Friday, 29 July 2011

29 July 2011

I probably don’t need to remind you that it’ll soon be 10 years since foreign forces invaded Afghanistan following the attacks of September 11, 2001.

It’s also now more than four months since foreign forces started taking military action in Libya, ostensibly “to protect civilians” as authorised by UN security council resolution 1973.

Why do I link Afghanistan and Libya?
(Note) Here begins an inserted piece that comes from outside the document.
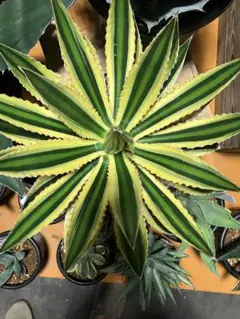 華厳 大株 50cm/30cm アメリカーナ アガベ 配送または引き取り限定 華厳 大株 50cm/30cm アメリカーナ アガベ 配送または引き取り限定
Because, simply put, both campaigns are going badly. Some analysts would put it even more starkly: both campaigns are failing.

Afghanistan first. After nearly 10 years, what has been achieved? Well, within weeks of the US-led invasion in late 2001, the Taliban had been overthrown and al Qaeda had been denied its Afghan sanctuary. That was the easy bit.

Scroll forward a decade, and what do we have? Taliban and allied insurgents apparently gaining in strength and bravado in many parts of the country; President Hamid Karzai, on the other hand, looking ever more precarious in Kabul and facing the prospect of an imminent thinning out of the foreign troops on whose security presence he depends.

Just over the past few months, in the key southern city of Kandahar, the former Taliban stronghold, four major figures have been assassinated. In April, the police chief. Then, two weeks ago, President Karzai’s powerful half brother. At his funeral, a suicide bomber killed the city’s top religious leader. And last Tuesday, the mayor was similarly killed by a suicide bomber who had hidden explosives inside his turban.

What they all had in common was that they were regarded as close to the president, and were backed by the foreign coalition. Whoever was responsible for their deaths (the Taliban label can disguise a wide variety of ethnic, clan or tribal groups), the message to the Afghan people was clear enough: “The foreigners can’t even protect their own people, nor can the president. There will be no peace until our demands are met.”

And the message for the rest of us? “We know you’re preparing to leave; and we know you no longer have the heart for this war. All we have to do is wait until you’ve gone.”

As for Libya, well, four months is a lot shorter than 10 years. And of course, unlike in Afghanistan, there are no foreign troops on the ground. (In fact, that’s probably not precisely true, unless we turn a blind eye to the advisers, spies and target-spotters who everyone believes are there, but who are careful to remain well out of sight.)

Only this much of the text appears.